Estimated cost for the sanitary sewer extension was $3,395,000 according to USDA Area Specialist Deb Boudreau. The REDLG loan secured by SCI was for $1 million, with a $300,000 match required by the program. An additional SCI grant for $300,000 was matched with an additional $60,000, then loaned to the OCRDC. The remaining $1.95 million needed for the project came from Tax Increment Revenue Bonds, Boudreau said.
Two other projects in southern Indiana have been equally advantageous to communities ¬– the water tower in UDWI REMC territory and multiple projects for rail line improvements secured by SIP.
USDA Business Program Specialist Wayne Dubble, located in Jasper, was involved in the rail project to upgrade portions of track and replace deteriorating bridges. The improved route runs from a rail yard in Tell City to Lincoln City. SIP administered a $740,000 loan to the Port Authority in late 2012, Dubble said. Work was completed in 2013.
Projects considered for REDLG funding by the REMCs are generally low risk to the cooperative, with good certainty of repayment, Beckman said, while offering infrastructure improvements for the community.
“It’s a fantastic program,” Boudreau said. “I don’t know anywhere else a community could get these types of no-interest funds. The funds really stimulate rural economies.”
SCI’s McKelfresh agreed. “It’s a great program to improve the economy of your service territory. As for the grant money, as it’s paid back, the Board of Directors will have control of those funds for use in other economic development projects. Without applying to the government on a case-by-case basis, the board will be able to divide the funds for multiple community projects.”

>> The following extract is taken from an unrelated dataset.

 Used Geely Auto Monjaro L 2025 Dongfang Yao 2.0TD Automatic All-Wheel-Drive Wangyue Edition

UDWI Chief Executive Officer Brian Sparks shares similar sentiments about the cooperative’s involvement with the REDLG program. The water tower was the second project his cooperative has helped fund.
“It’s been really good for us. Several years ago we secured funding for an expansion to a plastic injection molding factory in our territory,” Sparks said. The expansion led to job creation – one of the criteria used to determine REDLG funding.

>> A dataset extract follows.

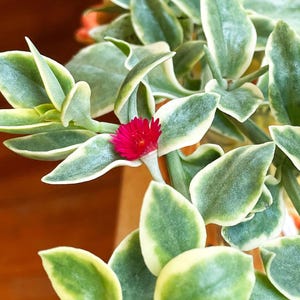 Aptenia Cordifolia, Dorotheanthus variegado, planta suculenta rastrera variegada con flores rojas imagen 8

With the water tower project, Sparks’ cooperative also secured a grant, which will result in a revolving loan fund in their community. He says REDLG, which has streamlined the application process, provides cooperatives with a natural opportunity to serve their communities.
“I would definitely encourage other cooperatives to embrace the program.”
Loans: REDLG Loans, also referred to as REDLoans, are for a maximum of $2 million and a minimum of $10,000, administered by an electric cooperative or local utility organization for rural projects. There is no interest charged on the loan for up to 10 years. Depending on the project, payments can be deferred for up to two years, to allow the recipient to move through the phases of construction and then begin billing and collecting. The recipient of the loan is expected to provide a 20 percent match. The REMC, as loan administrator, may charge up to a 1 percent service fee for administering the loan.
Grants: An REMC or utility is awarded a grant for up to $300,000. The cooperative then adds 20 percent to the funds and becomes the loan officer, not just the administrator. The REMC lends the money for an initial community development project at zero interest. The loan comes due in 10 years or sooner. As the payments are made to the cooperative, the board can then loan the money on other approved community projects at a low interest rate. As long as the money is used to continue job creation or economic development, it revolves. If the REMC discontinues the program, the original $300,000 and any interest earned is returned to the REDLG program.
How projects qualify for funding: An interested cooperative submits an application for a local project to the REDLG program office in Indiana. The application is scored, then processed to make sure it meets criteria eligibility, and then submitted to the national office for review. Thirty days after the review, according to Beckman, the announcement is made for monthly awards.